The purpose of this study was to evaluate the efficacy and safety of acupressure on nausea and vomiting during pregnancy.

Methods

PubMed, Embase, Springer, Web of Science, and the Cochrane Library were searched for all randomized controlled trials (RCT) of treating nausea and vomiting during pregnancy by acupressure from the inception date of database to July 31st, 2023. Study selection, data extraction, and risk of bias assessment were conducted independently by researchers. The methodological quality of included studies was evaluated by the Cochrane Collaboration's bias risk assessment tool, meta-analysis by Stata 17.0 software, and publication bias by Begg's test.

Results

A total of 11 RCTs involving 1378 pregnant women were included in this review, which was assessed to be moderate quality. 10 RCTs involving 1298 pregnant women were assessed for the meta-analysis.
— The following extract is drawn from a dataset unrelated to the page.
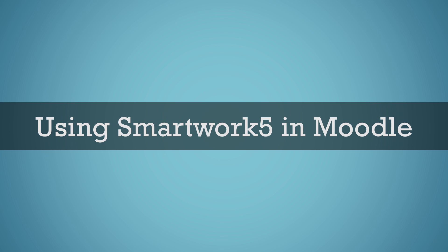SmartWork 5, the online assessment platform that accompanies your textbook, helps you strengthen your problem-solving skills through a variety of question types, answer-specific feedback, and direct links to sections of the e-book.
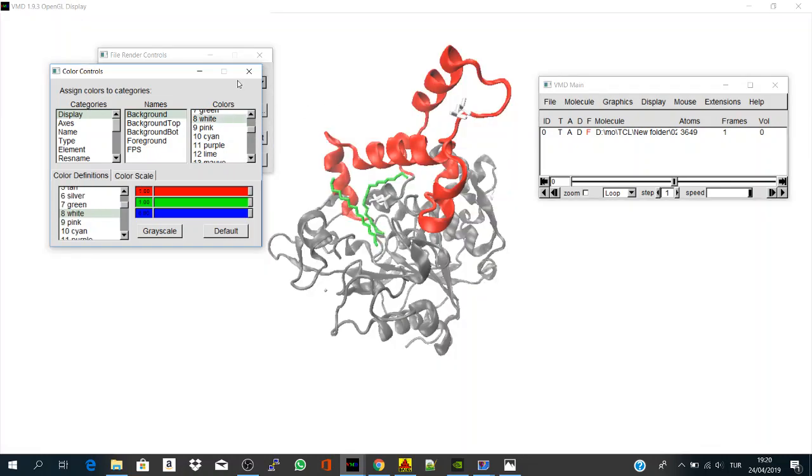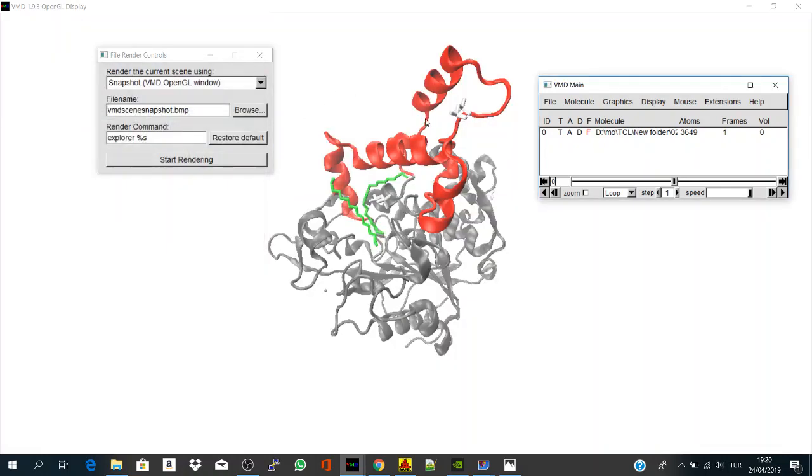Yeah, looks better. One more thing to do is, you can play with the material of representing your structure.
The results revealed that acupressure showed significant difference on improvement in symptom score compared with sham acupressure (pooled MD, − 1.33; 95%CI [− 2.06, − 0.61]; P < 0.001) or control group (pooled MD, − 0.73; 95%CI [− 1.08, − 0.39]; P < 0.001), and incidence of effective rate compared with sham acupressure group (pooled RR, 1.78; 95%CI [1.03, 3.07]; P = 0.039). However, no statistical significance was found between acupressure and control group (pooled RR, 4.53; 95%CI [0.67, 30.48]; P = 0.120) on effective rate. On comparing acupressure with sham acupressure, there was no beneficial effect on preventing nausea and vomiting during pregnancy (pooled RR, 0.83; 95%CI [0.50, 1.38]; P = 0.476), shortening the duration of hospital stay (pooled MD, − 0.78; 95%CI [− 1.98, 0.41]; P = 0.199) and improving patient satisfaction (pooled RR, 1.36; 95%CI [0.47, 3.91]; P = 0.570). Begg's test did not reveal any publication bias. Only one RCT reported minimal acupressure-related adverse events.

Conclusion

Acupressure may have potential favorable or encouraging effect on treating nausea and vomiting during pregnancy, but strong supportive data are not yet available. Well-designed and large-scale RCTs should be conducted for assessing and confirming the efficacy and safety of acupressure in nausea and vomiting during pregnancy.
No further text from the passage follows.